Le VC SOVAC en tête des Algériens

Les 90 coureurs de la deuxième édition du Circuit International cycliste de la ville d’Alger (CICA), disputée le 16 mars 2012, ont formé un peloton multicolore qui a enchanté grands et petits accourus, pour la circonstance, de tous les quartiers de la capitale. Le temps s’étant mis au beau, toutes les conditions étaient réunies pour faire de cette épreuve une belle course. C’est ce qui s’est passé finalement mais les 90 prétendants à la victoire finale ne pouvaient pas tous gagner. Tout le monde sait, même le plus jeune des spectateurs, qu’il n’y a qu’un seul bouquet de fleurs à l’arrivée qui, forcément, et le plus logiquement du monde, au vainqueur, et rien qu’au vainqueur. Sur le podium, celui qui sourit à pleines dents, c’est toujours le coureur qui a franchi le premier la ligne blanche. Ceux qui sont à ses côtés sur le podium, classés second et troisième, sourit eux aussi mais seulement du bout des lèvres. Qu’il est dur de finir second d’une course quand on sait que la mémoire sportive ne retient que le nom du vainqueur. Dans dix ans, dans vingt ans, quand les spectateurs de ce vendredi parleront de cette deuxième édition du Circuit International cycliste de la ville d’Alger, ils se souviendront peut être, que c’est le Grec Ioannis Tamouridis qui a gagné. Quant aux deux autres qui étaient sur le podium, il faudra fouiller dans les archives pour retrouver leurs noms.
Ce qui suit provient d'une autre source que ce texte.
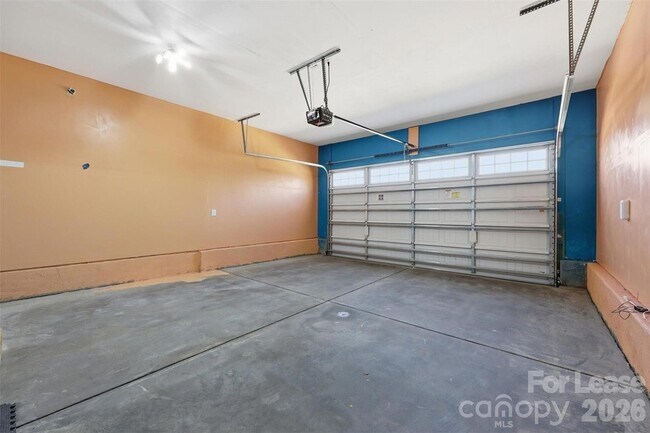 Building Photo - 6425 Cumberland Dr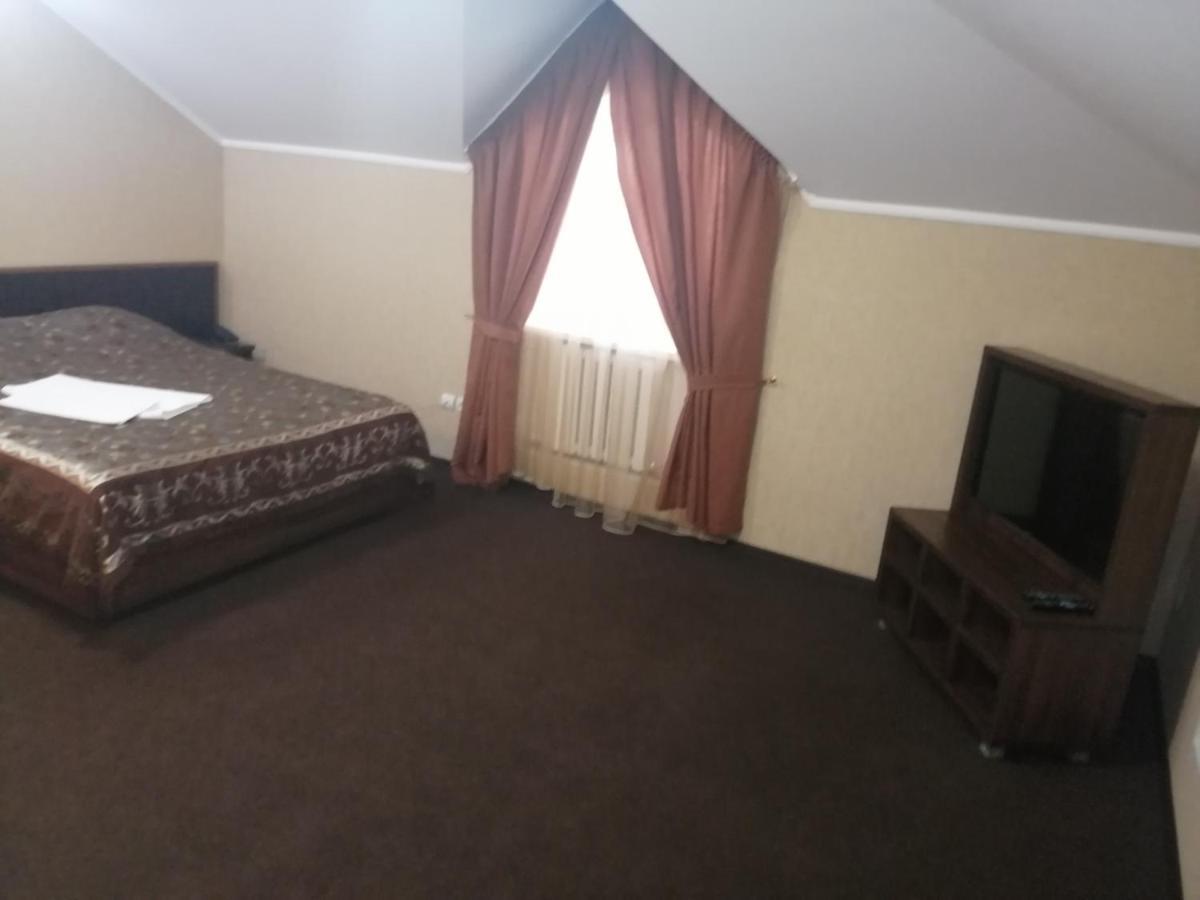 Tropicana Inn 우랄스크 외부 사진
Quand les nôtres font parler d’eux

Par contre, quand un des nôtres fait parler de lui, qu’importe sa place au classement s’il a fait honneur aux couleurs du pays. C’est, effectivement, ce que l’on peut dire de deux de nos coureurs, à savoir Hichem Chaâbane, un jeune qui monte, tout comme sa formation du VC SOVAC, qui n’a pas fini de faire parler d’elle, et Azzedine Laâgab, flambeau plein de vie du Groupement Sportif des Pétroliers (GSP). Ces deux coureurs étaient dans le Top 15 de ce Circuit International d’Alger, version 2012. Chaâbane a pris la 13ème place, Laâgab, la 15ème. Ce dernier, vainqueur du Tour d’Algérie 2011, premier de la 5ème étape du TAC de cette année, courue à Oran, a eu le mérite de ne jamais céder. Il faut féliciter ces deux coureurs pour leur courage et leur détermination.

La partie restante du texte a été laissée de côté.